As we know, books are furnished with a number of different paratexts – material, textual, and visual. It is hard to imagine a book without a title that identifies the text, or a material format that gives the text its physical existence. If these paratexts are lost, also the text itself loses its identity and might even disappear altogether. Not all paratexts, though, threaten a book’s existence if they happen to vanish. Indeed, publishers have stocked their books with paratexts that are not even expected to last forever – and therefore they have not been bound into a book. Dustjackets are probably the most notorious of these paratexts, but they are certainly not the only paratext that has been prone to get lost as soon as a book has been purchased. Part of a historian’s craft is to cope with lost and destroyed sources, gaps, blanks, and incomplete sets of evidence. For book historians these lost paratexts cause constant trouble not only because so little is usually known about them, but also because they are part of the complex web of cultural meanings that make books what they are. Dustjackets, for instance, are crucial entryway paratexts that may impact a book’s success and influence its textual reception. Hence, it is not hard to understand why book historians get so excited whenever they discover paratexts that were thought to be lost for good.

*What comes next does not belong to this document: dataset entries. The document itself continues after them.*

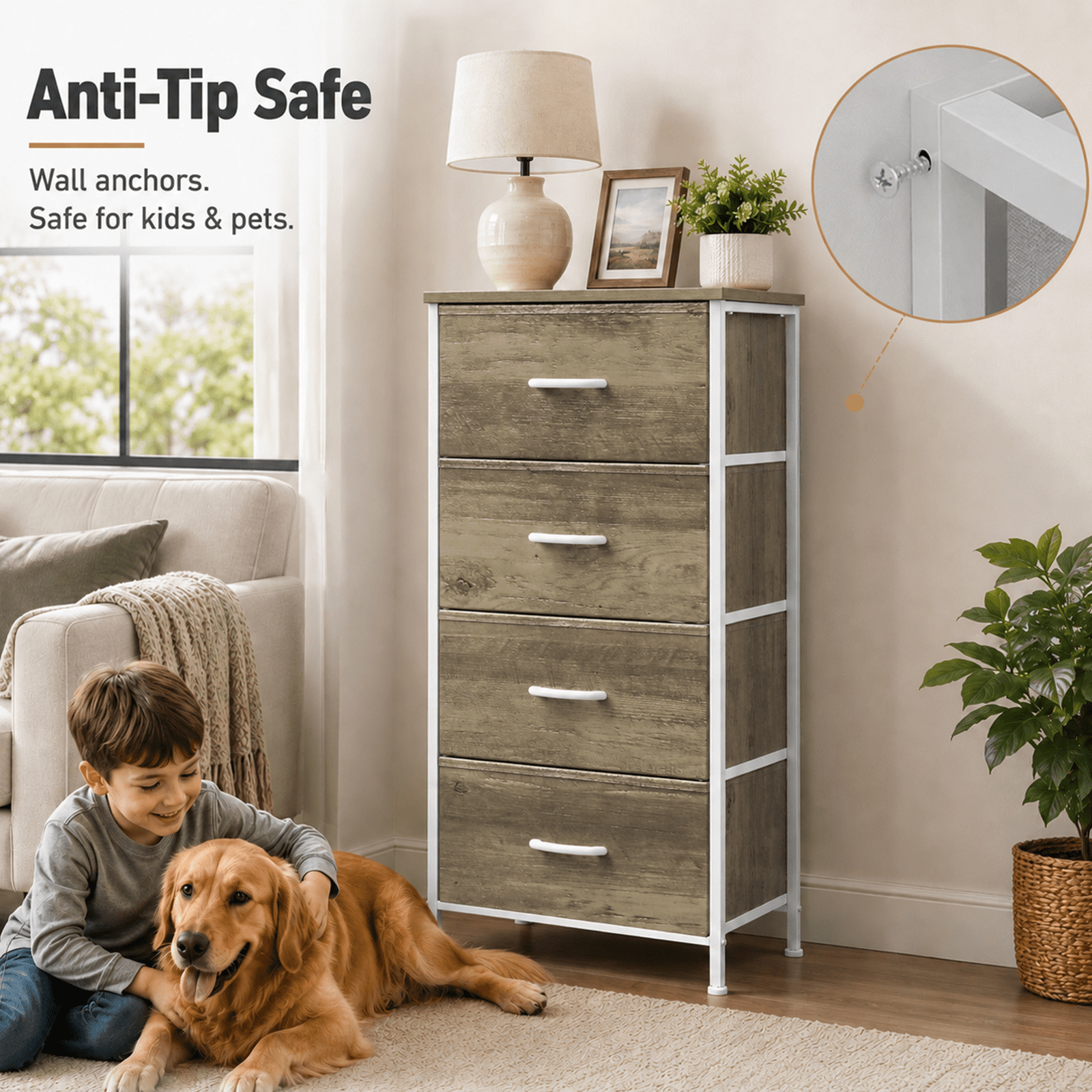 Alvantor Dresser for Bedroom with 4/5 Storage Drawers, Dressers Chest of Drawers Fabric Dresser with Sturdy Steel Frame, Wooden Top Cabinet Night Stand Dresser for Closet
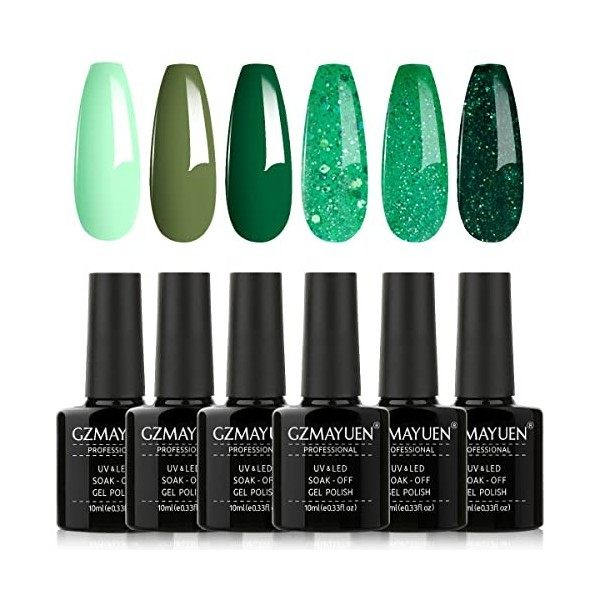 GZMAYUEN Vernis UV Semi Permanent Ongles Rouge Vernis Gel 10ML Vernis à Ongles Rouge Vif Gel Couleur Ongle UV Rouge Foncé 6Pc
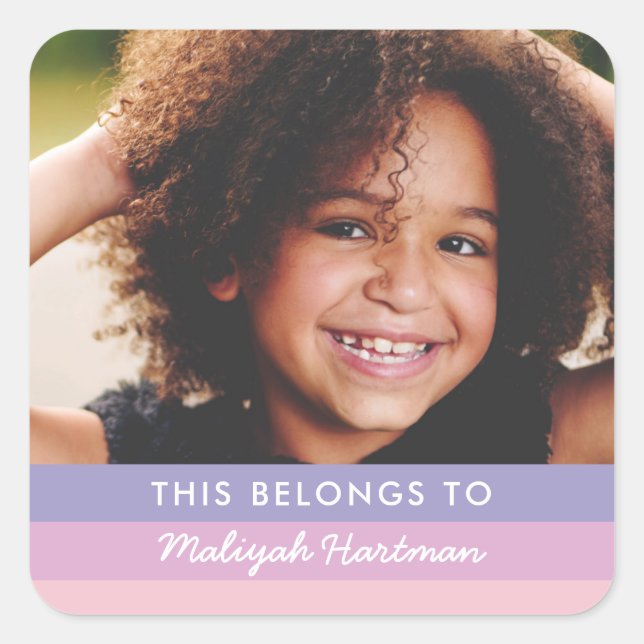 Pegatina Cuadrada Pastel Stripes Cute Script Nombre Niños Escuela Pú (Anverso)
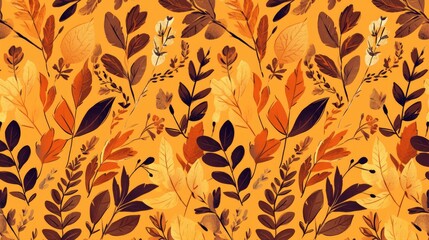 Explore the captivating autumn vibes with this pattern featuring fall leaves in black flat and outline design against a nature background A simple yet stunning seasonal illustration - obrazy, fototapety, plakaty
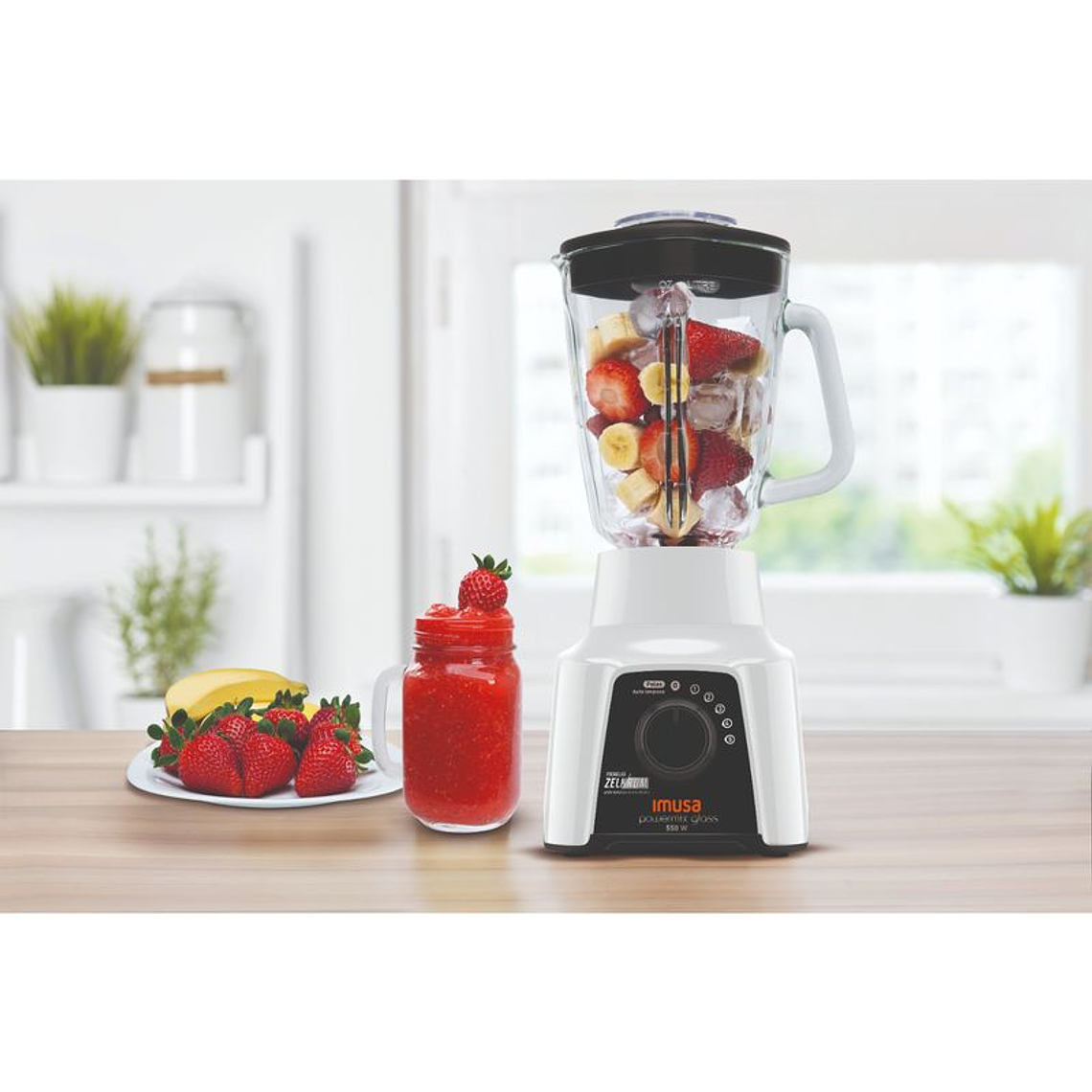 Licuadora IMUSA Powermix Glass 5V Blanca 4
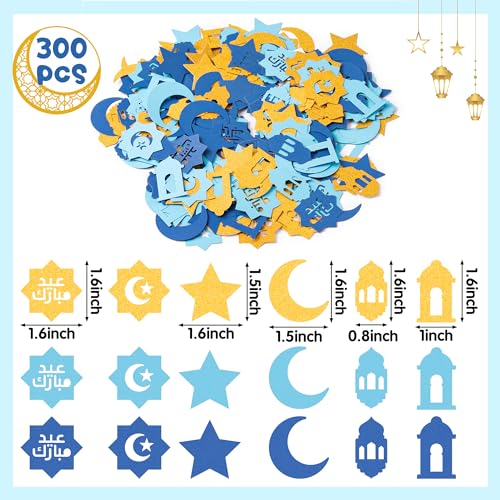 Eid Mubarak Table Confetti Blue Gold Star Moon Lantern Decor 300Pcs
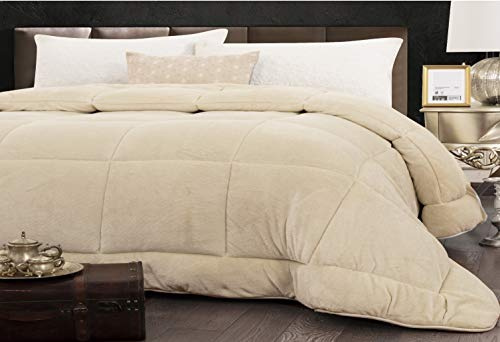 Home Tresor - Trapunta Invernale Calda e Morbida, Piumone Pesante 540 gr./mq in Microfibra Manopesca Anallergica Traspirante (Beige, Matrimoniale cm. 260x260)
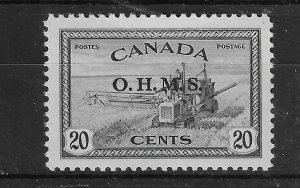 CANADA SCOTT #O8 1949-50 OFFICIAL OVERPRINT 20C (SLATE BLACK) -MINT LIGHT HINGED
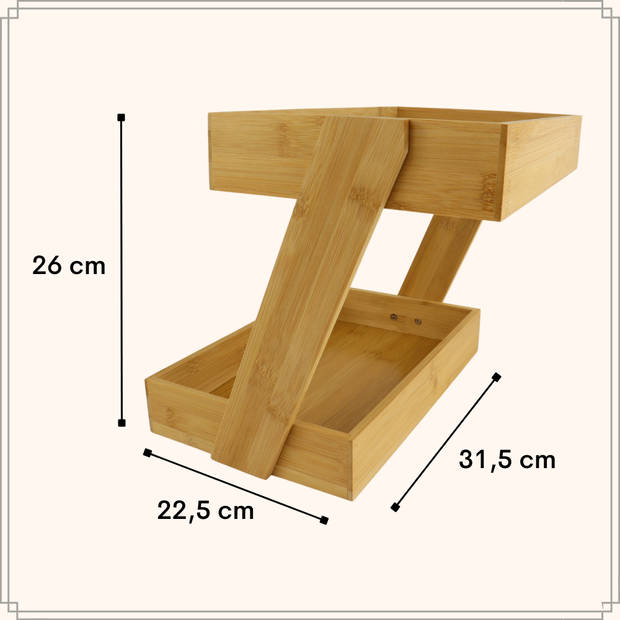 OTIX Serveertoren - Etagere - Bamboe - 2 Laags Hout - 31.5x22.5x26cm - Etagères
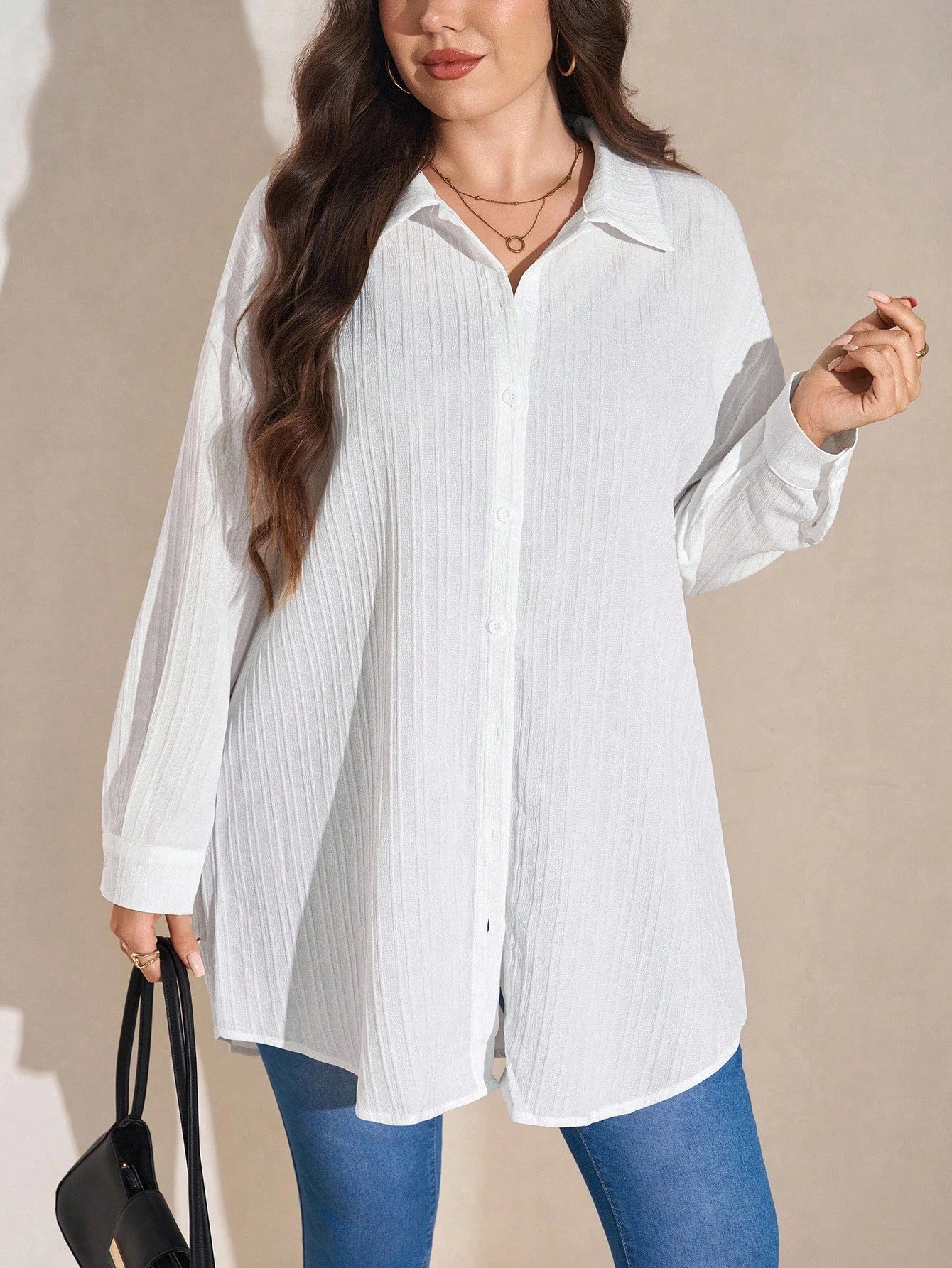 Comfylo Winter Clothes Textured Casual Plus Size Solid Color Summer Long Sleeve Blouse Shirt Fall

Dustjackets have been treated as throw-away-products, even when their cover designs would have granted them status as an artwork. Because of the scarcity of survived dustjackets, all we can say about their origins is that their use began to spread during the nineteenth century and that their initial function was to protect books from dust and dirt. Quickly, however, publishers recognized their usefulness in marketing, and since then they have belonged to a publishers’ marketing toolkit – even when publishers have been promoting scholarly literature. Librarians, though, especially in academic institutions have not shown too much mercy for dustjackets. As soon as books have entered university libraries, they have tended to mutate from colorful objects to stoutly looking monographs that bear no resemblance with their earlier visual appearance. In other words, when a book has been stripped off from its dustjacket, it has been stripped off also from the visual identity publishers have wanted to give to it. I certainly do not intend to point the finger at librarians and libraries here, for dustjackets have not had a much better survival rate elsewhere either. Readers have been equally ruthless: once a dustjacket has done its work, that is grabbed a reader’s attention and persuaded him to purchase the book, it has been discarded. Only the current fashion of organizing a bookcase according to a carefully planned color scheme may rescue these colorful paratexts from disappearing since the covers they veil tend to lack the much appreciated design feature that dustjackets have.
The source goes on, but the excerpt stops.